This tapioca pudding is very good plain, sprinkled with cinnamon sugar or with safe chocolate chips stirred in until they are melted. It is also great served warm or cold.
2 1/2 cups soy milk
1/2 cup sugar
1/2 cup instant tapioca (I use Minute tapioca)
2 tsp vanilla extract
1/4 tsp salt
Place the soy milk, sugar, and tapioca in a soup pot then stir to combine. Allow the mixture to set for 5 minutes. Add the vanilla and salt then cook and stir the pudding over medium heat for 20-30 minutes or until thickened.

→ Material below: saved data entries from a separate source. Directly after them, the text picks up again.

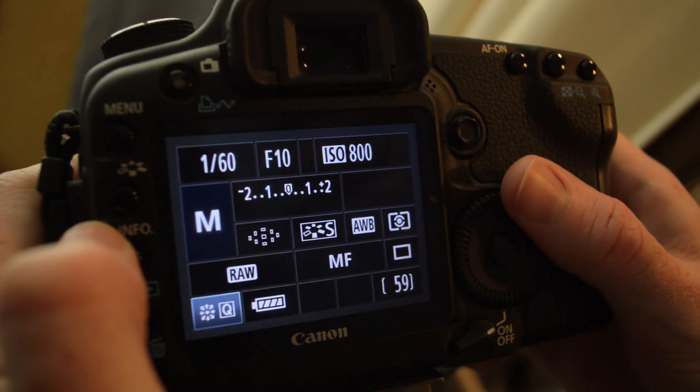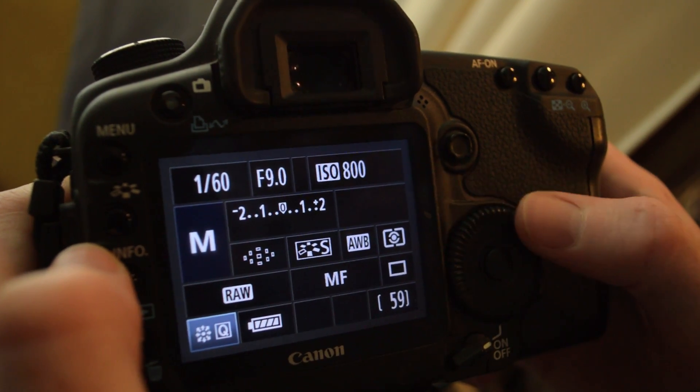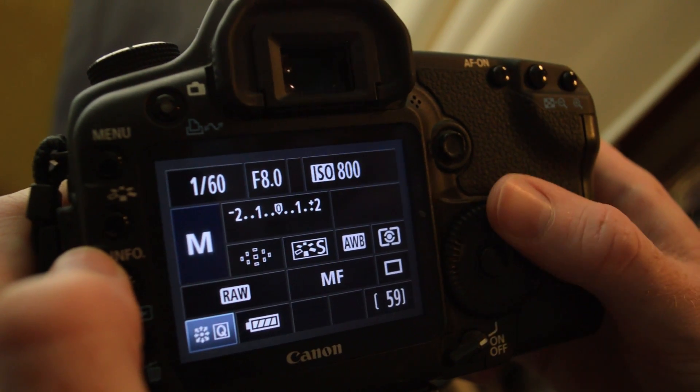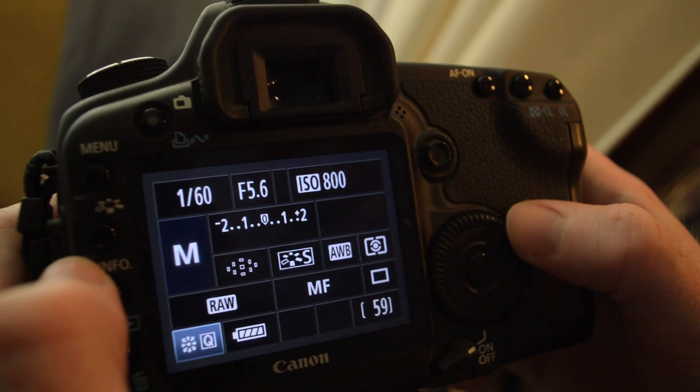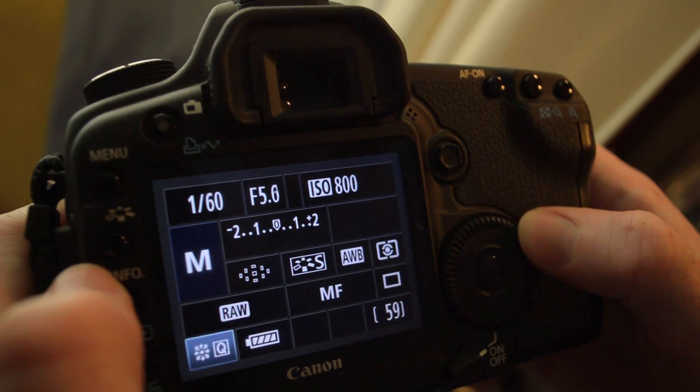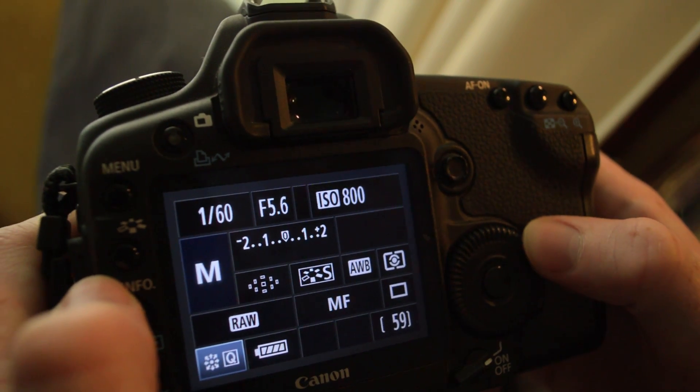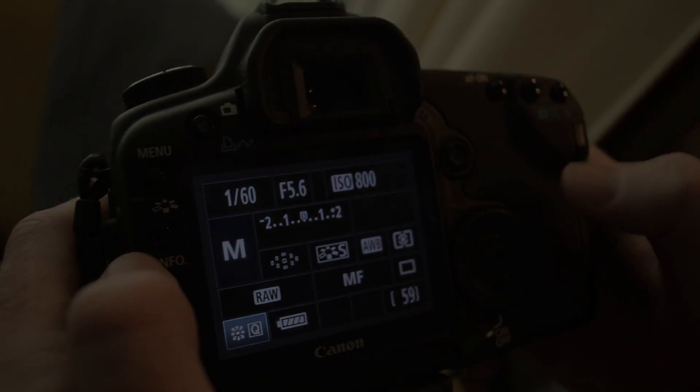Adjusting the aperture to a setting that allows for the most light will shallow your depth of field, keeping only the desired subject in the frame in focus.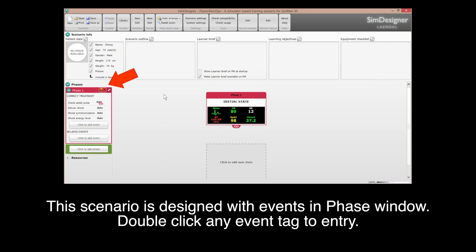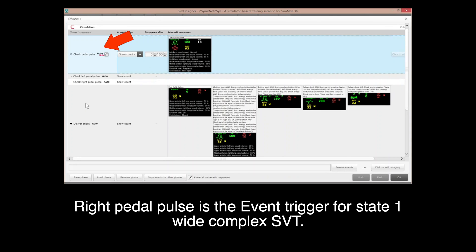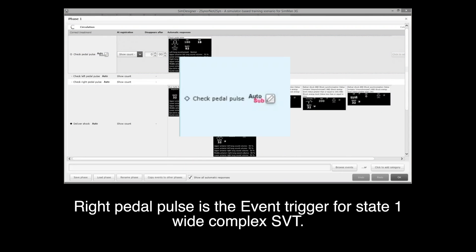Overview of the programmed scenario for simulation needs with scenario programming portfolio. This scenario is designed with events in a phase window — double-click any event tag to enter. The right Peter Powell is the event trigger for State 1: Wide Complex SVT, Supraventricular Tachycardia.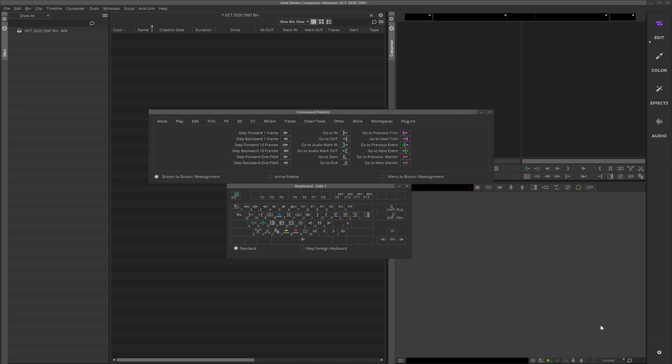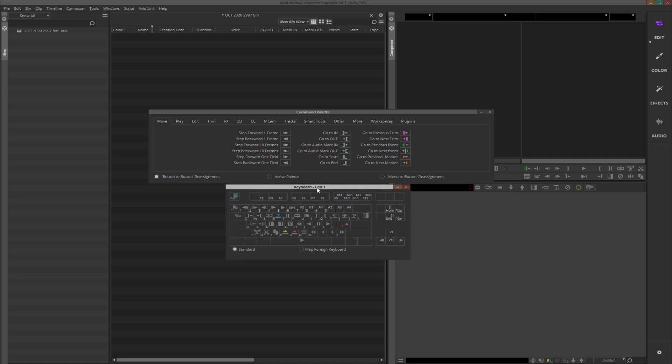Hey guys, Justin Wingate here with another quick tips and tricks video for Avid Media Composer. You all know how important it is to command map keyboard shortcuts to your keyboard and your interface, but I wanted to show you one very particular, very cool trick that you will love, and especially your fellow editors will love, especially if you're in a post house or an environment where you've got editors in rooms or seats next to you.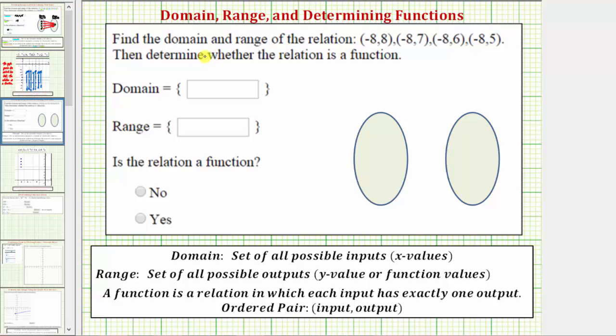I'm going to find the domain and the range of the relation given here as a set of ordered pairs. Then we're asked to determine whether the relation is a function.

My daughter, Jazlyn, is anaphylactic to egg, dairy, peanuts, and tree nuts. When she was first diagnosed, I found it very difficult to find recipes and foods that didn't taste like "allergy" food. Over the last 12 years I have had a lot of fun developing and changing recipes so that they are safe for her. I love to share my recipes so that other families can realize how yummy "allergy" foods can taste. You don't have to sacrifice taste or your favorite foods, you just have to rethink how to make them. I made a promise to Jazzy that I would do my very best to find a way for her to eat any food she wants to try. So far I have been able to keep that promise. I hope your family enjoys these recipes as much as we do.